In my head, something that I’ve been doing whenever I’ve realised that a prejudice existed inside me, is not figure out why that prejudice existed. There’d plenty of ways you develop prejudices and not a lot of those reasons are logical.
For me, one of the ways I’ve learned to break these prejudices I might have held previously is to come up with reasons why I should continue holding on to them, with rules to validate the reason.
- Is this reason demonstrated across all people in the particular group?
- Does this group have any significant negative impact directly on me?
That’s where everything usually falls apart. If I can’t answer yes to both of those questions, then there’s no logical reason to show prejudice. For me, it helps me give sound reasoning as to why my opinions and prejudices are wrong, and a way to get rid of those opinions and be a better person.
Not everyone will agree with me on how I do it. I don’t expect you to. But it helps me find ways to change and better myself as a person, and try to get rid of a little more hate in this world.
I do wholeheartedly apologise for my opinions of trans people that I’d held previously, and thank those in the community for giving me a chance to learn and improve myself. I’m not perfect. All I can do is try and be better than yesterday.

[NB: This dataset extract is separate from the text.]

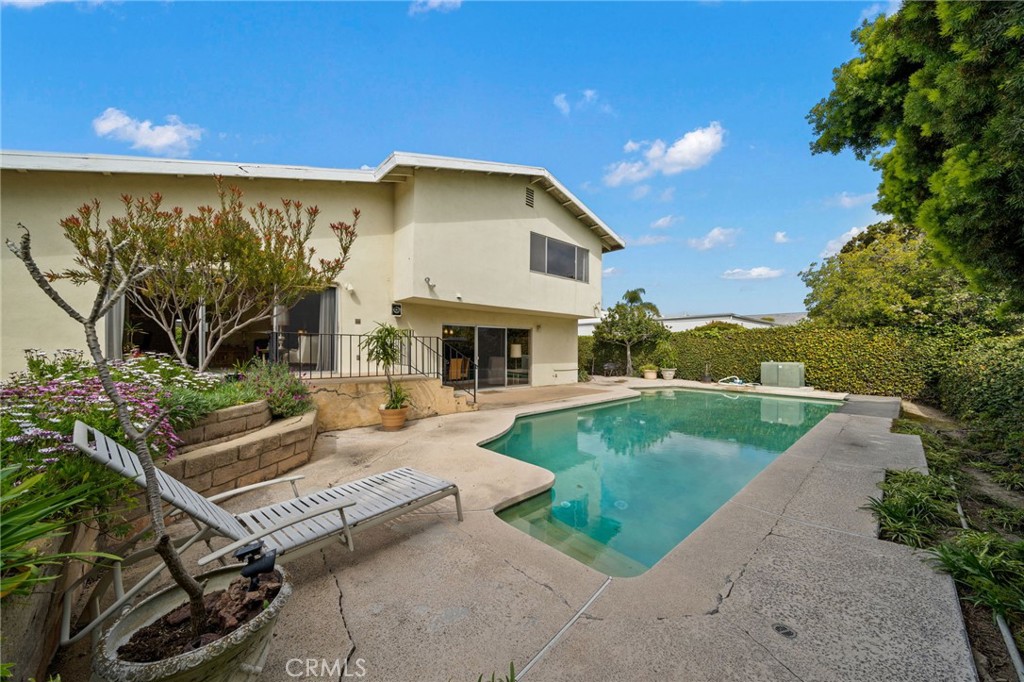 876 N Hillside Drive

These days I do have a number of friends who are trans. I know I’ve still got a lot to learn about people in that community but I’m thankful for those who have helped me understand things better and offer guidance to myself and others who genuinely want to be supportive.
Recently, Elliot Page (formerly Ellen Page) has come out as transgender, and now identifies as male. I will openly admit, I have never been a fan of his acting, but that doesn’t give anyone the right to bully or treat him negatively for his decision.

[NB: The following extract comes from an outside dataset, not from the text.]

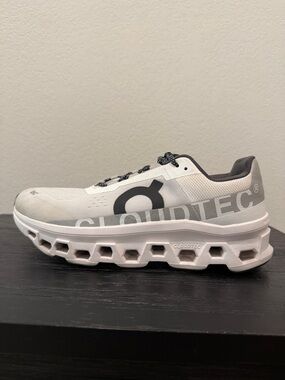 On Running Men’s size 10.5 Cloudtec Running Sneaker - White/Gray Shoes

I am sad to see people in the gay community calling out stating that Elliot shouldn’t be able to play cis female roles (mostly referring to him continuing to play Vanya in Umbrella Academy). Firstly, my opinion is that if you’re the right actor for the part, then do the part. Forget gender and sexuality. Secondly, despite my first opinion, I do want to see more LGBTI+ people in television and film.
Elliot Page played Vanya for 2 seasons, I see no issue in him continuing the role if he and the directors all think he is suited to the role. I wasn’t a fan of Vanya in season 1, but I warmed in season 2.
I am very disappointed that anyone in the gay community could make such vile comments about someone who’s shown that courage. It wasn’t that long ago that people didn’t accept gays either. So show some respect and compassion for your fellow human being.
I finish with this advice. We are all human. We are all living breathing creatures that feel and crave acceptance. If another person or community has no meaningful negative impact on your life, then there’s no reason why you should have a negative impact on theirs.